Zayd Menk

Zayd Menk is an interdisciplinary artist primarily working within sculpture and installation. Menk’s practice attempts to dissect technology as a hyperobject, the omnipresent force that defines our era, probing the vast and innumerable tangents that arise from our entanglement with technology. At the core of his work lies inquiry into human agency, infrastructure, intangible data, operations, and the obsessions and purposes of progress. 
 
Using found objects as his primary material, Menk creates systems and structures that confront the paradoxes inherent in our relationships with technology, considering the possibilities and limitations of our agency in a world increasingly dominated by machines. Where modern technology tends to become smaller and more sealed off, Menk's work deliberately regresses; salvaged components are used in ways they were never intended, a rebellion against the atrophying of agency and the gradual erosion of autonomy.

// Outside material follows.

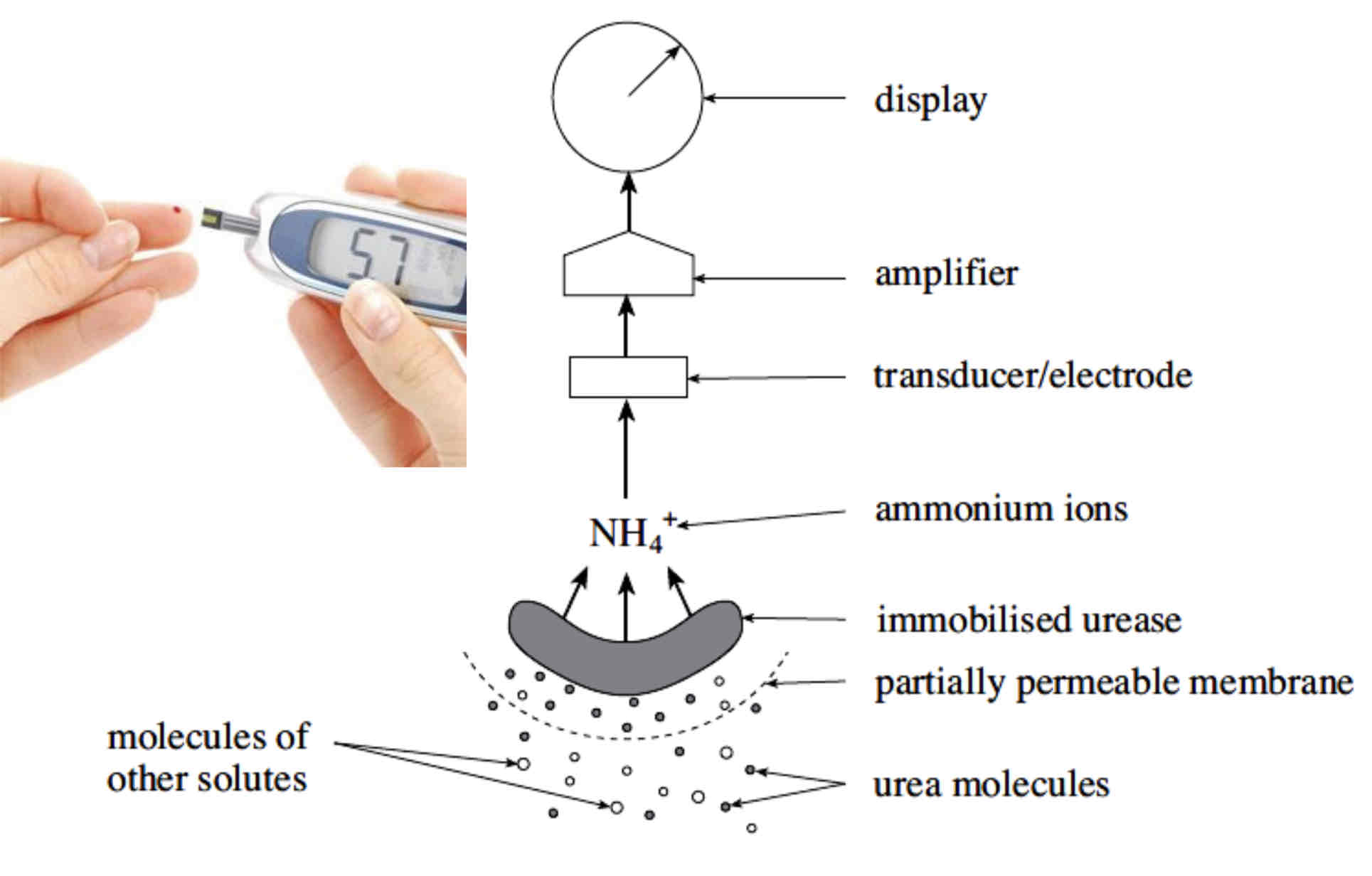 <p>The biosensor above detects <strong>urea molecules. </strong>Small urea molecules <strong>diffuse</strong> across the <strong>partially permeable membrane </strong>and form <strong>enzyme-substrate complexes</strong> with immobilised urease.</p><p>The more Urea, the more ammonium ions produced/ relationship is directly proportional.</p><p>The <strong>product</strong> formed is ammonium ions (this is the chemical change); the <strong>transducer</strong> converts this into an <strong>electrical signal. </strong>The signal is <strong>amplified</strong> and reading is shown on the <strong>display.</strong></p>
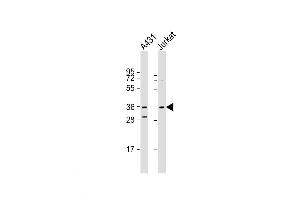 Western Blot at 1:1000 dilution Lane 1: A431 whole cell lysate Lane 2: Jurkat whole cell lysate Lysates/proteins at 20 ug per lane. (Cyclin H anticorps  (C-Term))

This process of modifying found objects is visceral and central to his practice, a sense, as he describes it, of being inhaled or convected into something that wants to exist.
 
This methodology runs across Menk’s sculptural and installation practice, works that grow and mutate from modest origins, sitting within a broader preoccupation with electronic waste as a material and residue of unfathomable operations. Borges's map parable, On Exactitude in Science, resonates strongly with his practice: progress producing ever-larger maps until future generations find them useless, a meditation on the potential self-defeating nature of accumulation. Ideas of obsolescence, extractivism, and the right to repair run through the work, as do broader fascinations with the electromagnetic spectrum, the invisible infrastructures of frequency and signal that saturate contemporary life yet remain largely imperceptible. Menk is an alumnus of New Contemporaries (2023).